SVYCA shares Ten Strands’ vision of empowering youth leaders to be involved in the advancement of climate literacy in K–12 and postgraduate curriculums, which is why we’re especially excited to host a Climate Literacy Panel within our Summit with Jilliann M’Barki, Ten Strands’ Chief Advancement Officer joining us! In 2021, SVYCA student leaders created three two-hour–long advisory videos on climate science and literacy (and we’ve recently created a condensed 10-minute version of our content). Our youth are familiar with how to create the curriculum content that we want to see, but it is unfortunately missing from our classrooms. Beyond grassroot actions in pushing forward climate literacy, SVYCA students also advocated for the Santa Clara County Youth Climate Initiative (which will be housed within the Santa Clara County Office of Sustainability). Earlier this month, state Senator Dave Cortese helped secure $2 million in state funding for the Santa Clara County Youth Climate Initiative, so we can be sure there will be meaningful additions to climate literacy programs and skill training in both educational and professional fields alike. With the recent progressive advocacy efforts of Ten Strands, SVYCA, and related organizations, climate education will give rise to a new wave of empowered youth ready to combat the climate crisis.
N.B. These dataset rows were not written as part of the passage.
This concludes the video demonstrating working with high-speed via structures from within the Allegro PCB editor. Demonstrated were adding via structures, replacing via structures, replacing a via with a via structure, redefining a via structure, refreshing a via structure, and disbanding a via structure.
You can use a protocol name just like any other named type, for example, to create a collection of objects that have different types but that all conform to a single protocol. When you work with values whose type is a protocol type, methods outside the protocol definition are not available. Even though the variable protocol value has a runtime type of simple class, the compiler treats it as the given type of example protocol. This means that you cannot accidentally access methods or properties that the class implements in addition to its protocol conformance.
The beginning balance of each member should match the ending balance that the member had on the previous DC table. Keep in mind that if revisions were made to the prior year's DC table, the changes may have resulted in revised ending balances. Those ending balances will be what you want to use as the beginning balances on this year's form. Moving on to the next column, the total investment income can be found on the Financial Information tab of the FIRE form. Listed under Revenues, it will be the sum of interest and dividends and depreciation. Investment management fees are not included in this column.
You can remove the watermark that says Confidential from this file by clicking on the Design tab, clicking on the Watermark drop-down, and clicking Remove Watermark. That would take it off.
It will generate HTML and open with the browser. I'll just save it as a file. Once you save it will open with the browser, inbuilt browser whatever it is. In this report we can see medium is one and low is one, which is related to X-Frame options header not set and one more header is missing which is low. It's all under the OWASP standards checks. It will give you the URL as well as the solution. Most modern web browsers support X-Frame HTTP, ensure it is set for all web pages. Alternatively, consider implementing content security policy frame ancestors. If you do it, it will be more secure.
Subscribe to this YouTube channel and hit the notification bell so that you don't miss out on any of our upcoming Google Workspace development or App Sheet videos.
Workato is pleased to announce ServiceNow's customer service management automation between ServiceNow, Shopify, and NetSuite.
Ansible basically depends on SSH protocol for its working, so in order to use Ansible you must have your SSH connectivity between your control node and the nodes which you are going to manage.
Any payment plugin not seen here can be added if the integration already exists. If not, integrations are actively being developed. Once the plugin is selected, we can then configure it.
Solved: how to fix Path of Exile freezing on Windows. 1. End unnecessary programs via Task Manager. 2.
Because SVYCA’s summit brings together many like-minded youth attendees toward a common purpose in collective action for environmental policy and climate literacy reform, it will certainly be an inspiring, impactful event that has long-lasting effects in our Bay Area schools and cities. We hope that our summit energizes our attendees to take the insights that they learn into their day-to-day life, begin their own exploration of careers within sustainability, or join hands with SVYCA for impactful climate action.